Now I see you, Now I don’t – Part 2


In our continuing series on Eye Health, we interview Dr S.S. Gill, Consultant Ophthalmologist at Hospital Fatimah about Diabetes Mellitus and blindness.

Dr. S.S. Gill Resident Consultant Ophthalmologist

Dr. Gill shares with us about patients like Jennifer (not her real name) who was doing household chores at home one day when suddenly her vision blurred. Within minutes, she was nearly blind. Prior to this, Jennifer, who is diabetic, was already having blurring vision for about a month but did not seek any treatment because she did not expect to lose her eyesight so suddenly.

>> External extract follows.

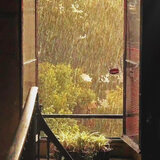 一起淋过的雨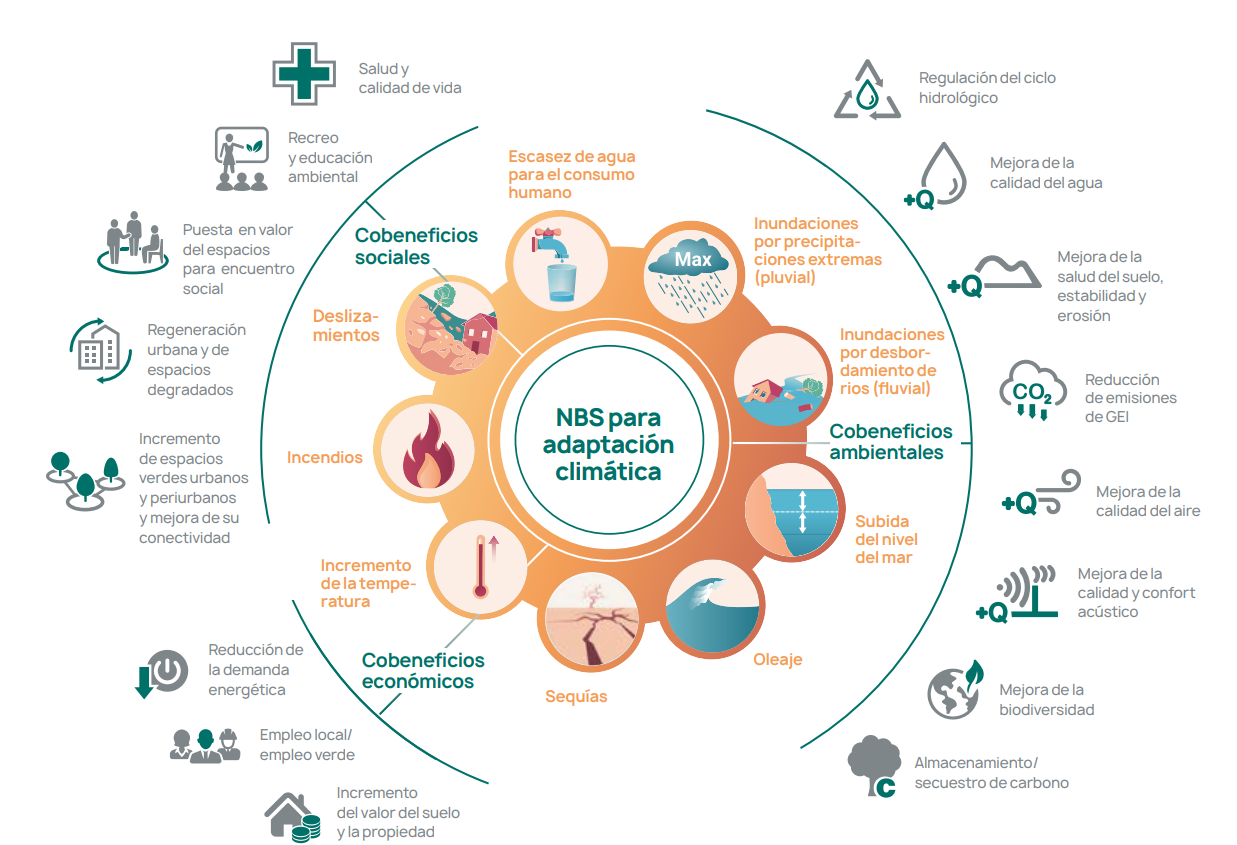 Soluciones Basadas en la Naturaleza en Euskadi. 20 casos de éxito para adaptarse al cambio climático aplicando NBS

She remembers vaguely when she picked up her regular diabetic medication that her general practitioner had told her in passing to go for an eye check but she did not think much of it then. Now she wishes her GP had put more pressure on her to go for an eye check so she would not have lost so much of her eyesight. This is a common story that Ophthalmologists often hear in their consultation rooms. 

Diabetic Eye Disease may include:
Diabetic retinopathy—damage to the blood vessels in the retina.
Cataract—clouding of the eye’s lens.
Glaucoma—increase in fluid pressure inside the eye that leads to optic nerve damage and loss of vision.

Diabetic Retinopathy is the most common of all the Diabetic Eye Diseases and the leading cause of blindness. It is caused by changes in the blood vessels of the retina. In some people with diabetic retinopathy, blood vessels leak fluid. In other people, abnormal and weak new blood vessels grow on the surface of the retina and these vessels bleed. “If you have diabetic retinopathy, at first you may not notice changes to your vision. But over time, diabetic retinopathy can get worse and cause vision loss,” says Dr. Gill.

Diabetic retinopathy has four stages:
Stage 1: Mild Nonproliferative: There is ballooning of small vessels in the retina’s tiny blood vessels. At this stage there are no symptoms and vision remains normal.
Stage 2: Moderate Nonproliferative:. As the disease progresses, some blood vessels that nourish the retina become blocked.  At this stage, again there may not be any symptoms even though the diabetic eye complication is progressing.
Stage 3: Severe Nonproliferative: With vessel blockage, several areas of the retina becomes deprived of blood supply. These areas of the retina send signals to the body to grow abnormal new blood vessels for nourishment. The patient will start having blurring vision and will require urgent treatment.
Stage 4: Proliferative Retinopathy. This is the advanced stage where new blood vessels grow and bleed profusely. If they leak blood, severe vision loss and even blindness results.

According to Dr. Gill, the main aim is to pick up diabetic eye problems early in stages 1 and 2, and to avoid regressing into stages 3 and 4.  Regular eye exams for diabetics offer the best chance of detecting retinopathy in its treatable stages.

“If you are diabetic and have fluctuating and sometimes blur vision especially after a meal, and then it becomes clear again, it often reflects fluctuating blood glucose levels and this signals alarm bells!”